Art Stars 2011: Where Are They Now? 

Sure, it might seem like we're all about the new hotness around here, always chasing the latest bright young things, that you might better namedrop at dinner parties... But just because we've moved on to the Class of 2012 Art Stars doesn't mean we've forgotten about last year. We thought we'd catch up with the careers of our last batch of artists, all of whom are doing irritatingly well...


Ryder Ripps
Digital artist Ryder Ripps has been busy, creating the LikeArtBasel show at Art Basel Miami Beach, a show based on the way social media is creating new art stars. Along with countless Facebook art projects, Ripps also created the crowd-sourced art-website-cum-slot-machine LuCkYPLoP. In May of last year, Ripps co-founded digital-PR company OKFocus with Jonny Vingiani. Their stunt-based marketing campaigns for companies like Smirnoff got them profiled in the Wall Street Journal. In a profile on the artist's website work and pop culture aesthetic, Print Magazine said: "With characteristic directness and stylized aggression, he uses all kinds of web junk—GIFs, JPGs, Twitter memes—to try to force us to consider what underlies the graphics and applications that most of us use without thinking."


Emily Roysdon
As well as participating in performances like "A Gay Bar Called Everywhere," Roysdon has also been busy curating shows around the world.

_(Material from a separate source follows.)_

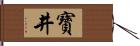 寶井 Hand Scroll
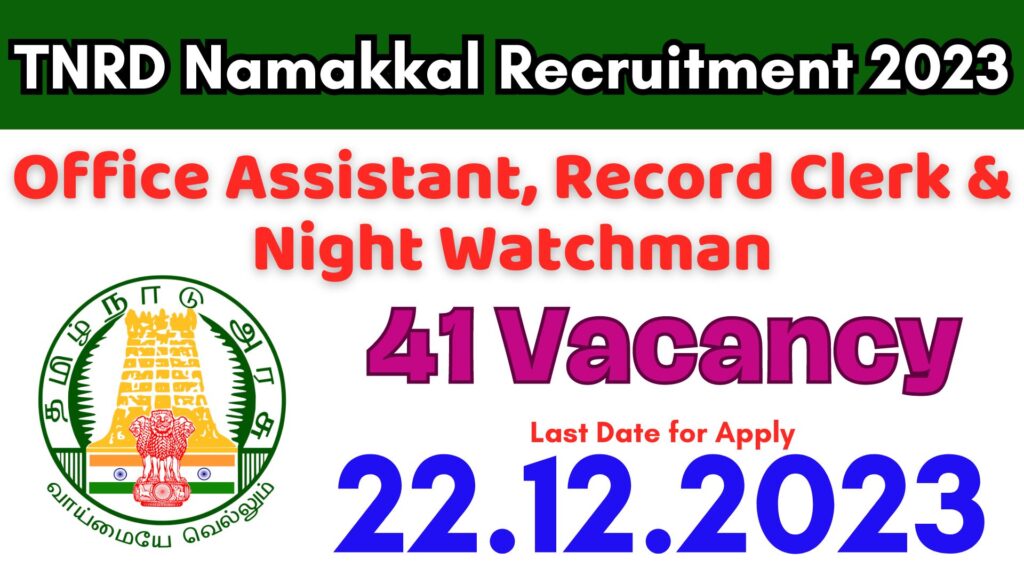 TNRD Namakkal Recruitment 2023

In January, she curated the "Illegitimate and Herstorical" exhibition at A.I.R. Gallery, which focused on images of homosexual relationships and which art website Hyperallergic called "one of the strongest group shows culled from open-call submissions that I've seen of late." The Tate Modern commissioned Roysdon to curate a special event as a part of their Barbara Hammer exhibit. In May, Roysdon will also be participating in the Tate Modern's series of live-streamed artist talks where she will present a new work to watchers around the globe. Her performance will examine "the intersection of choreography and political action through performance."


Anna Betbeze
Buoyed by the success of her "Moss Garden" solo show, Betbeze participated in seven group shows across the world in 2011 and 2012. "Moss Garden" was also included as an honorable mention in New York Magazine's list of the Top Ten Art Shows of 2011. Artinfo praised Betbeze's work, saying that her woolen works "achieve radical relieflike paintings that traverse the expanded field with abandon." In February of this year, the artist opened her second solo show: Anna Betbeze: New Work at MASS MoCA. The show featured the artist's signature textural aesthetic, blanketing the walls in Greek Flokati wool which Betbeze selectively tore, burned and dyed.


Tom Thayer
Multitasking painter/performer/sculptor/puppeteer Tom Thayer has most recently been a part of the Whitney's 2012 Biennial, where his animated videos, assemblage paintings, outmoded technologies, and handmade puppets are featured. Artnet praised Thayer's contribution to the Biennial, calling him "a modern mythographer by way of William Kentridge and Balinese shadow-plays." Thayer will also be performing on May 20 and 27. The artist also had a strong showing at this year's Armory week where his work sold well.


David Benjamin Sherry
The artist's technicolor photographs have been featured in group shows from Moscow to Miami, and are soon to be part of the Out of Focus: Photography show at London's famed Saatchi Gallery. The Aspen Times review of Sherry's photograph in an Aspen Art Museum exhibit, called the artist's work "humorous and eye-catching." Although known for his bright color palette, Sherry went on to participate in the white-washed group show "Summer Whites" at the Rachel Uffner Gallery last June. His next solo showing, "Astral Desert," will debut in late April at the Bowery's Salon 94. The artist also released a new book of photographs, Quantum Light.